Lo perdiste o lo hiciste desaparecer :Confused:   :Cool1:  jaja.

----------


## swaze

Odran, me temo que en este foro no está permitido hacer referencias a otras tiendas de magia que no sea la anfitriona.  :Smile1:  Yo editaría el mensaje  :Smile1:

----------


## renard

Alexandor nadie ha pillado tu broma de Ray Dernon jaja  y encima va Odran y te corige jaja que risa he pasado,hay si no fuera por estos momentos......

----------


## Iban

Estamos mezclando churras con merinas: naturalidad condicionada, control del espectador, misdirection...

----------


## julioso

a pero que lo de slibini no era aposta cuando corregiste el rai dernon? :O

----------


## Odran

El link al libro que preguntaba el compañero antes, lo puse sin ninguna mala intencion. Me he leido las normas, en la tienda anfitriona como decis, ese libro no esta, asi que no vi tan horrible ponerlo cuando tampoco estoy desevelando ningun secreto, solo indicando a un compañero donde puede encontrar algo que buscaba. Ok, la proxima vez por privado, pero vaya no se... que esta bien saber ser flexible en algunos casos puntuales no? Me ha sorprendido la respuesta dada por privado, la verdad, me ha sentado un poco mal.
Y no, no he entendido lo de Rai Dernon... solo soy un aficionado, ignoro muchos autores, nombres, historia... Si me lo explicais a lo mejor nos reimos todos.
Saludos

----------


## julioso

pues que dijiste slibini, y el autor es slydini de tony slydini.
entonces el compañero dijo rai dernon (diciendolo mal aposta) y le corregiste y tal sin enterarte lo de slibini, ahi esta la gracia.

----------


## eidanyoson

Odran, soy el pesado que te contestó el primero, otra vez.

 Es sólo para decirte que el mundillo este de la magia es un mundo un poco especial. Y las personas que pululan por ahí... pues también, en su mayoría, para qué nos vamos a engañar.

 Nadie nace sabiendo y es normal, lógico (y a mi me parece hasta tierno) cometer errores. Para eso están los mayores (mágicamente hablando) para corregir si hace falta (yo no soy uno de ellos, para nada).

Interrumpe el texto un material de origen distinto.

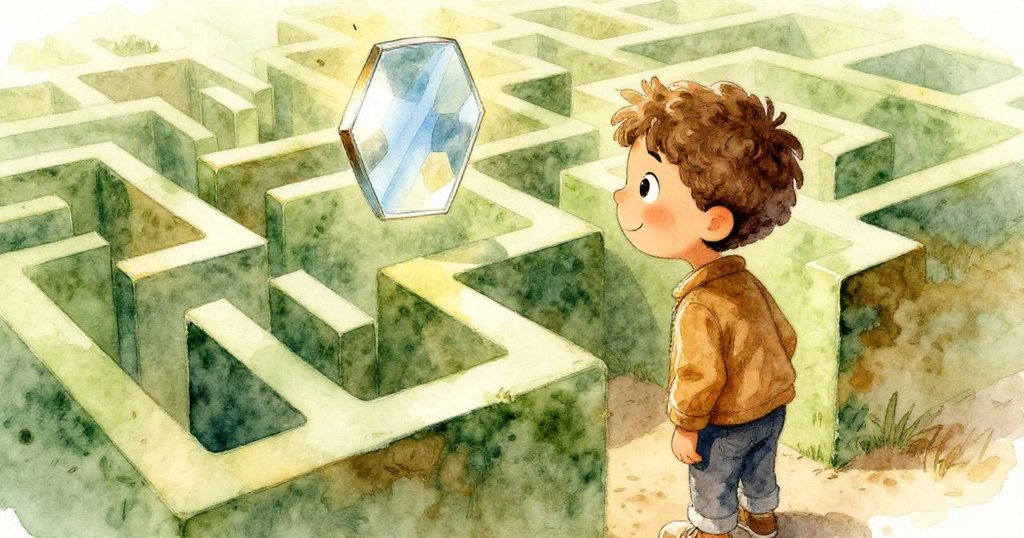 Felix驚喜地發現一塊反射出藍天的鏡片，他微微傾身伸手拾起，充滿好奇與夢幻感的探險時刻。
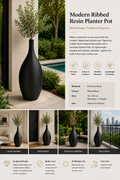 Modern Ribbed Resin Planter Pot – 33 × 80 cm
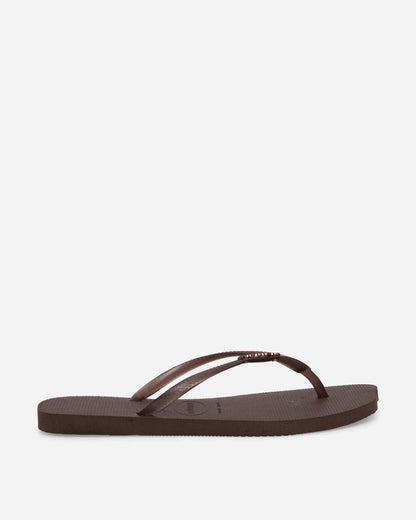 Women's Slim Split Flip Flops Dark Brown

 El problema es que es un mundo en el que los detalles son TAN importantes que NUNCA dejas de aprender. NUNCA dejas de cometer errores y NUNCA dejarán de corregirte en los buenos casos o de QUEJARSE en otros.

 Por eso, es un mundo en el que algunos valores en deshuso en al vida normal, aquí, sin embargo, son IMPRISCINDIBLES.

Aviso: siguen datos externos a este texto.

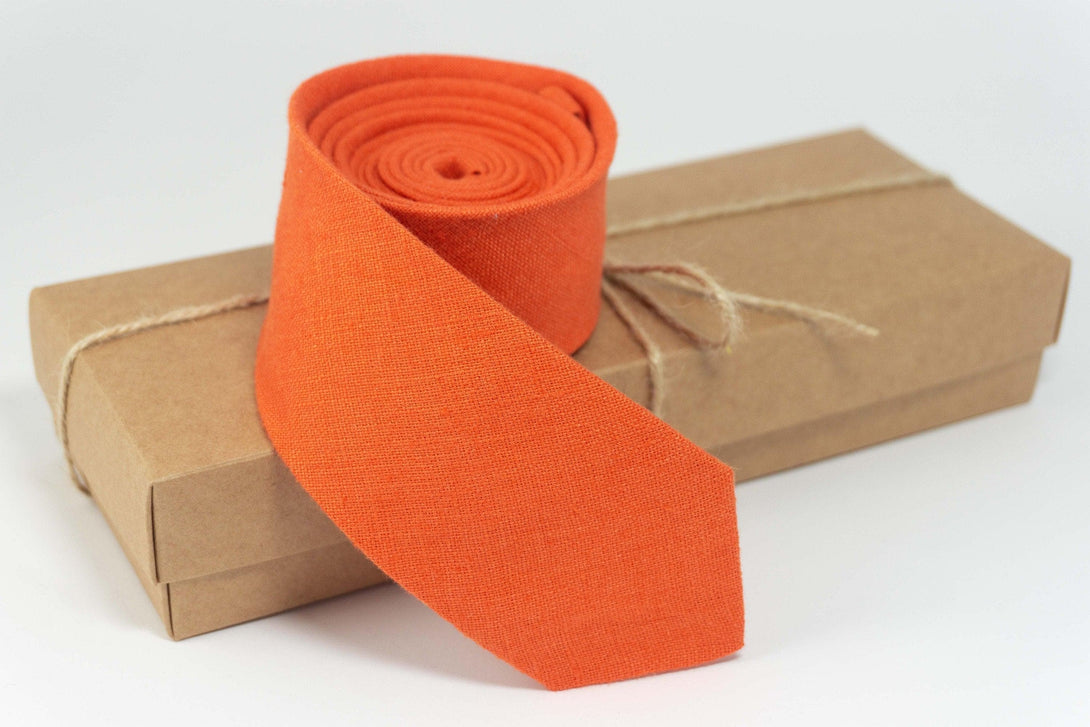 Orange Necktie | Vibrant Linen Tie for Men and Boys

 La humildad, el trabajo, la paciencia, el aceptar críticas, la mente abierta... no sé hay muchos.

 Este comentario te lo digo para que no te tomes a mal lo que te digamos, son bromas de magos que a lo mejor no has entendido, pero que entenderás antes o después y que tu mismo harás (ya verás ya...).

 Simplemente ve poco a poco, aprendiendo de aquí y de allá, dejando que los que saben te guíen, aceptando las normas, pasando de los malos rollos y crecerás en el mundillo.

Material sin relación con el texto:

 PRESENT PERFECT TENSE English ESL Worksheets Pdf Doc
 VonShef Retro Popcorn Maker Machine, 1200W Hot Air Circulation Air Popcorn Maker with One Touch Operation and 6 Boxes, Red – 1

 Por otro lado, cono todo esto que he escrito no creas que la magia es un mundo imposible o muy difícil o muy friki o muy... Puede que lo sea, si, pero es MARAVILLOSA. Y lo sabrás desde el primer día que hagas un juego a alguien bien hecho y veas sus ojos. No podrás parar. Nunca.

 Sí, merece mucho la pierna.  :Smile1:  jejeje.

 Así que no tengas miedo a preguntar, como has hecho, a coger las respuestas que te valgan y desechar el resto si no te ves con fuerzas. 

 Aunque no te lo parezca, para aprender magia estás en un buen sitio.

----------


## Odran

Vale, ya pillo lo de Slydini, no me habia dado cuenta de que lo escribia mal. Y si, se que vale la pierna aprender, y hacerlo bien. No me moestan las correcciones o los rapapolvos que me puedan pegar a veces por incauto, ingenuo y por ignorar cosas. Dicen que mas vale parecer tonto un minuto que ser ignorante toda la vida. Ya algun repaso me he llevado cuando pregunte a cerca de profesionalizarme. Lo que me ha molestado es lo del link, la amonestacion/intimidacion por mensaje privado. Pero bueno, es lo que hay y lo que se debe acatar si uno quiere permanecer aqui.
Gracias por los consejos. No desvio mas el tema del post. Disculpas.

----------


## lalogmagic

Tratemos de regresar al tema del hilo, por cierto me he reído bastante con Rai Dernon.

Como bien nos dijo Iban se estan tocando muchos temas, pero creo que es justo que nos tratemos de centrar en uno solo, en este caso y porque así lo pregunta quien inició el hilo, me parece correcto hablar de Misdirection, al respecto, me permito recomendar:
http://www.magiapotagia.com/f25/la-m...s-magos-19972/ 
http://www.magiapotagia.com/f25/y-ah...irection-8835/ (hay muchos más hilos pero pues estos son dos que a mi me interesan mucho)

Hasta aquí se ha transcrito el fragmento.